A Museum evaluator talks with visitors as they try a new interactive.
Last week we began evaluating the first of four new computer interactives that will go into the upcoming “Moving Beyond Earth” exhibition. Visitors got to test their space knowledge with a simulation of Space Flight Academy, a quiz format that will allow up to fifteen people to play at a time. Over the next month we will give visitors the opportunity to help us test three more interactives: one is a multi-touch table where six people at a time will gather around and design their own space station modules; one allows the visitor to play the role of flight director in a real-life mission scenario; and one matches a visitor’s interests and skills with several fascinating jobs in the space industry.
Visitors try out a new interactive still in development.

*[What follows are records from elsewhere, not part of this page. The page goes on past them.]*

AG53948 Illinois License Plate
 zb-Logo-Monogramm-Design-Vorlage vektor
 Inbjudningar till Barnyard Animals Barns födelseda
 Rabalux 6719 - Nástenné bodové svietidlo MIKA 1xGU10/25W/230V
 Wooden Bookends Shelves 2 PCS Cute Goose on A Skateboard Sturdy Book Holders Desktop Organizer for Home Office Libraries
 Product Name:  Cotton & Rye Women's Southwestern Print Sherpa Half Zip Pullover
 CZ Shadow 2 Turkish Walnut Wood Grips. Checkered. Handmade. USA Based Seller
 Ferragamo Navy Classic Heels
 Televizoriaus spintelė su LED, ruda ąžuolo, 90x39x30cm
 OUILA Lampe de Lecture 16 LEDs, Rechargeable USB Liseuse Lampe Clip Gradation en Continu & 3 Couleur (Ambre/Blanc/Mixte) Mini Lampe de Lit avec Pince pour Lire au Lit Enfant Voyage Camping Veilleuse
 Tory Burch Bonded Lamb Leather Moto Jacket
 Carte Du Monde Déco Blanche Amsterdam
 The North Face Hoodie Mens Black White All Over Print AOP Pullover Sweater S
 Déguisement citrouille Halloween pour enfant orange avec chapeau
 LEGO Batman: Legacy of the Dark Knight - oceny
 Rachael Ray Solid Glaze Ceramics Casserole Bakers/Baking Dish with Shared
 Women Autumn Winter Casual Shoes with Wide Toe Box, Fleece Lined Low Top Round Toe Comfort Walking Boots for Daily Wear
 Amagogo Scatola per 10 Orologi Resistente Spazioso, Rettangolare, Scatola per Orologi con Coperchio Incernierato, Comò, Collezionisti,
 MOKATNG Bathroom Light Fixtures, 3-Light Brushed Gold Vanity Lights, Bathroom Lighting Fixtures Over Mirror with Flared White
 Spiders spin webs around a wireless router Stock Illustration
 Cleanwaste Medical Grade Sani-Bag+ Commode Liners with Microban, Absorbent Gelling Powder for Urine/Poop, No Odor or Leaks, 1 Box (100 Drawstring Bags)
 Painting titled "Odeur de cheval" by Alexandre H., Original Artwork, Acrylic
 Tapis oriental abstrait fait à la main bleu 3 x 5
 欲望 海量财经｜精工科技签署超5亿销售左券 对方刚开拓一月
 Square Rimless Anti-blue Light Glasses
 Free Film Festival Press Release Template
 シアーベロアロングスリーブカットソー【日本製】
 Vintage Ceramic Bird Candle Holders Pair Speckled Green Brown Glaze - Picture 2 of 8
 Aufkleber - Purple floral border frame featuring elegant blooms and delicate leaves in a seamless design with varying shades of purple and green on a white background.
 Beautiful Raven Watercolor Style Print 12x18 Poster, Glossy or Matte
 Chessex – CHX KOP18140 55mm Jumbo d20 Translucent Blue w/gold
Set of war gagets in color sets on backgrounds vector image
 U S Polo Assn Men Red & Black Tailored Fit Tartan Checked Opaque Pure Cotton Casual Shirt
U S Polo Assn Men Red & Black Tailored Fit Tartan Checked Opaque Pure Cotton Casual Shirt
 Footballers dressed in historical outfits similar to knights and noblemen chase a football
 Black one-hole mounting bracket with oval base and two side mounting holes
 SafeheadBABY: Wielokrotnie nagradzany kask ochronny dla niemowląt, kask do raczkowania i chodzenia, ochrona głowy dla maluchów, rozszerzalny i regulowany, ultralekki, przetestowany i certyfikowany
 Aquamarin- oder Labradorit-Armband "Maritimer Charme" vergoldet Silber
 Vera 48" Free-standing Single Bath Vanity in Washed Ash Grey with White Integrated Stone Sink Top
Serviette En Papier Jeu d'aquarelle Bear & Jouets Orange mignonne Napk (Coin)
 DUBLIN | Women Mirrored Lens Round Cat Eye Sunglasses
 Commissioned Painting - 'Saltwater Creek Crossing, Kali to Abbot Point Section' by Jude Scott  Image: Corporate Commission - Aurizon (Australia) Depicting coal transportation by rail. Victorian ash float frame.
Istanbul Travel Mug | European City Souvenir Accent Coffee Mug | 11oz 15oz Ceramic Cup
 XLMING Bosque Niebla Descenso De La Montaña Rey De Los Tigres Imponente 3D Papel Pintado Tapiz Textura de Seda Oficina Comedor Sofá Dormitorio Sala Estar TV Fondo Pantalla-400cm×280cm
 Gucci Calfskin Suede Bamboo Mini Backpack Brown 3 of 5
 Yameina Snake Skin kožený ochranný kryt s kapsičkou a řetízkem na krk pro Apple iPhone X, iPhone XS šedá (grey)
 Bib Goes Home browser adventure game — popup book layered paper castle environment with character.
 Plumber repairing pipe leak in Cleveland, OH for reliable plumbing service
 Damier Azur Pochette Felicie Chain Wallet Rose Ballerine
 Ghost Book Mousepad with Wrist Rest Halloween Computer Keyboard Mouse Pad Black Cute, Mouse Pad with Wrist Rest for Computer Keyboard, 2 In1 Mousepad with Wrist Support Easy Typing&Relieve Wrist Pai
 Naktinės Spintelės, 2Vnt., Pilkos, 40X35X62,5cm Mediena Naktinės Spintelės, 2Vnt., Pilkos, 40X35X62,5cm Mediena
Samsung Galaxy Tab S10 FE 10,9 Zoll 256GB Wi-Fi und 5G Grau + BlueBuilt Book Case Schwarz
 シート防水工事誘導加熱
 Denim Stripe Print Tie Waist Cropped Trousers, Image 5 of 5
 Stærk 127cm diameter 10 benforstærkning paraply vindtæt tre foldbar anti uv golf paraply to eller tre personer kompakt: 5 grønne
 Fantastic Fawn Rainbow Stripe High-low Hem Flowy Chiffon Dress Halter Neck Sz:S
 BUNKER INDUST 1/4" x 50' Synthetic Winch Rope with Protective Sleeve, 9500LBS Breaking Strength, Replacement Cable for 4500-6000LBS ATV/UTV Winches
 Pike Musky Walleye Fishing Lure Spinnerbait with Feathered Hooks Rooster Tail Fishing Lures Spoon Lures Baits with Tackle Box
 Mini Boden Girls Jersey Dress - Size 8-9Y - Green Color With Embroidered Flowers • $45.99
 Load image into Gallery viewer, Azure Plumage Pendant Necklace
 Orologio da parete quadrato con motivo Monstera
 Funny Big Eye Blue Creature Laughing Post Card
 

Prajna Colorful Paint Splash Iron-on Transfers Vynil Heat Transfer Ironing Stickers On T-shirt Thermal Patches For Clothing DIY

Most Museum visitors don’t realize how much work goes into each and every interactive component in an exhibition. Whether it’s mechanical or computer-based, an interactive must have several qualities: • It must be engaging – visitors must want to do it • It must have an educational point – yes, we want our visitors to learn! • It must complement and support the major themes of the exhibition around it • It must be easy to understand – if visitors are confused they won’t complete it • It must withstand the use and abuse of millions of hands per year – we don’t want it to be broken constantly At the National Air and Space Museum, interactives are often designed completely in-house, but sometimes we hire help from the outside. In either case the process combines a tremendous amount of creative energy with accurate and well-researched content. Once we have a solid idea, we then ask our incredibly talented production staff to come up with a plan to build it. Sometimes they come up with the brilliant ideas. Other interactives in the works will give visitors an opportunity to accompany the Tuskegee Airmen on a mission over Germany, to help Charles and Anne Lindbergh pack for their flight on the Tingmissartoq, to arrange logistics for the Douglas World Cruisers’ round-the-world-flight, and to design an airplane so it will be competitive in the air races. Another one will allow visitors to decode a Morse code message, explaining the process of sending and receiving messages as Anne Lindbergh did as radio operator for her husband’s exploratory flights on the Tingmissartoq. Interactives make any exhibition a more active experience, and we couldn’t develop them without the opinions of our visitors who agree to test the prototypes. If you visit the Museum and someone asks you to try an interactive, help us out! We want your input!